With the above numbers, the baker’s percents are as follows (using the standard 100% for the baker’s percent for the flour and dividing the amounts, by weight, of the remaining ingredients by the weight of flour to get the respective baker’s percents):

100%, High-gluten flour (13.5%)

6.51%, Water (at 75 degrees F, for proofing the ADY)

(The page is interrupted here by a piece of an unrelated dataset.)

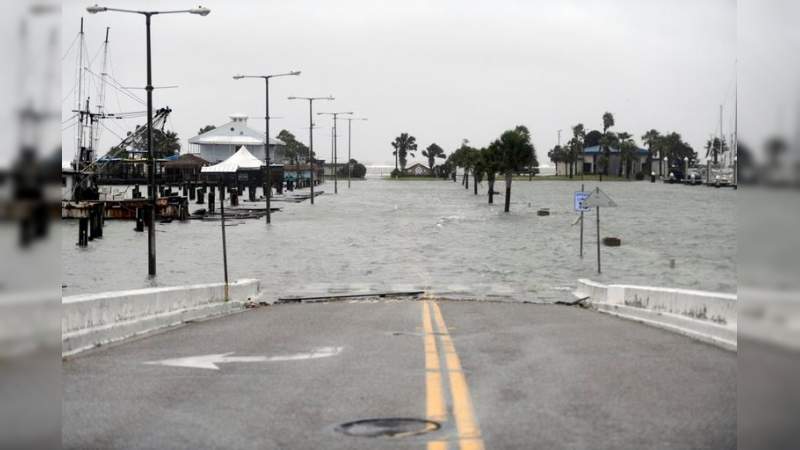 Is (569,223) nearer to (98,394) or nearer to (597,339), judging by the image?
(597,339)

45.57%, Water (very cold, for the dough itself)

0.195%, ADY

0.39%, Sugar

3.91%, Salt

1.54%, Vegetable oil

Total of all percentages = 158.115

The Tony G. recipe mentions using 8-oz. or 10-oz. dough balls, and combining two of them for tossing use. The recipe presented below is for 8 oz., which, if doubled, would yield a 16-oz. dough ball. That would be enough to make a roughly 14-inch skin. To make multiples of the 8-oz. dough balls, all one needs to do is multiply the quantities given in the recipe below by the desired number of dough balls. In the recipe, the amount of flour needed is determined by dividing the weight of the dough ball, 8 oz., by 1.58115 (158.115/100), which yields 5.06 oz for the amount of flour. Each of the remaining quantities is determined by multiplying the weight of the flour (as calculated above) by the respective baker’s percents for the remaining ingredients. So, the final recipe shakes out as follows:

Tony G. Acrobatic Dough Recipe (One 8-oz Dough Ball)100%, High-gluten flour (13.5%), 5.06 oz. (or about 1 c. plus 3 T.)

6.51%, Water (at 75 degrees F, for proofing the ADY), 0.33 oz. (about 2 t.)

45.57%, Water (very cold, for the dough itself), 2.30 oz. (1/3 c.)

0.195%, ADY, 0.010 oz. (about 3 to 4 pinches between the thumb and forefinger)

0.39%, Sugar, 0.020 oz., (a bit over 1/8 t.)

3.91%, Salt, 0.20 oz., (1 t.)

1.54%, Vegetable oil, 0.08 oz. (a bit less than 1/2 t.)

The instructions that one should follow for making the acrobatic dough are those mentioned in the instruction section posted at the abovereferenced website.

After going through all the work to get to a (hopefully) usable recipe, I hope that someone (maybe even Sour Jack) will actually give the scaled-down recipe a try to see if it has any real value and actually improves anyone’s dough tossing skills.